Anthony Noto: So they don’t reflect the four rate cuts going forward. The other thing I’d say is, as we think about our durability of our loans, we have continued to reduce our credit box. In this late December, we reduced underwriting by eliminating what we call tier six and seven, which is the higher end of our FICO band. As those that know the company, we underwrite 685 going higher and our average is much higher than 680 in the mid-7s as we talked about earlier. But as we progress through the year, we have reduced our credit box and we continue to do so. And in December, making a relatively big change on six and seven, so that our loans are durable through the cycle, whether we hold them on balance sheet or we sell them.
Christopher Lapointe: And then the only other thing I would add, just to follow on to my point around, do the marks include the four rate cuts? As you all know, what we hedge interest rate exposure on our loans. So when interest rate drops, the value of the loan increases, but that’s offset by hedge losses. Similar to what happened in Q4, we saw meaningful interest rate reductions, but we also had meaningful hedge losses that offset that.
Anthony Noto: Next question, please.
Operator: Thank you. Our last question we have time for today is from Dominick Gabriele from Oppenheimer. Dominick, please go ahead. Your line is open.
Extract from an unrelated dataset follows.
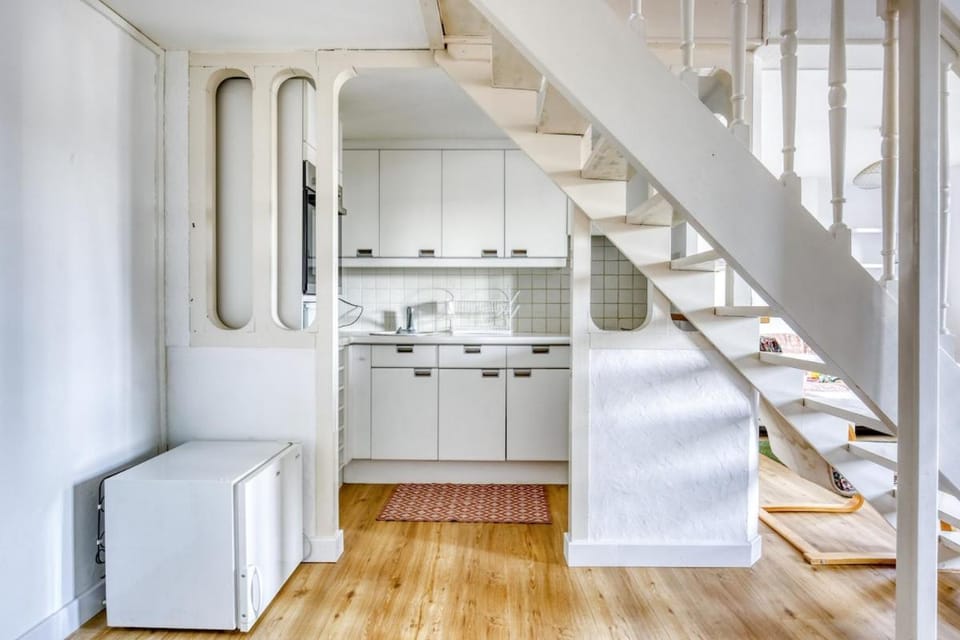 Kitchen or kitchenette, wardrobe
Dominick Gabriele: Hey, guys. Thanks so much for the question and the color across the call. So maybe, Anthony, you can talk to us or Chris through the assumptions that lead to your mid-20% revenue growth within the Tech Platform, that’d be really helpful. Maybe including, if possible, breaking it down by the new client wins, pipeline for deals, customer ads, anything you can provide, I feel like this target is likely going to be of significant importance moving forward. Thanks so much.
Anthony Noto: Yeah. We’re not going to get into that level of detail. We’re in the market in conversations with dozens of potential partners across the spectrum of the diversified customer base we have. We have an ongoing dialogue with everything from government-related deals for child support and benefits from the federal government all the way to new consumer Financial Services offerings from large established non-financial services brands all the way to big, large traditional banks in our country. The drivers of the business are quite simple. We have an underlying payment processing platform that you should think about generating revenue based on two factors. One, getting paid based on the transactions that occur in that platform, the volume of those transactions, and the price for those transactions in addition to the APIs that we provide.
Within the Technology Processing platform, we provide APIs for account opening, for bill pay, for two-day early paychecks, for person-to-person payments, for Payment Risk Platform fraud capabilities. And so different partners use different APIs and the more they use, the more we get paid, but it also drives the more transactions. In addition to that, we have other products like Konecta, which is a natural language chatbot that uses machine learning. We also have a product called Payment Risk Platform, where we’re helping people decide instantaneously on the risk of a transaction and whether or not it should be authorized or not, and we get paid for each one of those authorizations. In addition to that, we have Technisys banking core, which is a much larger decision for any institution use, but think of a core as an operating system.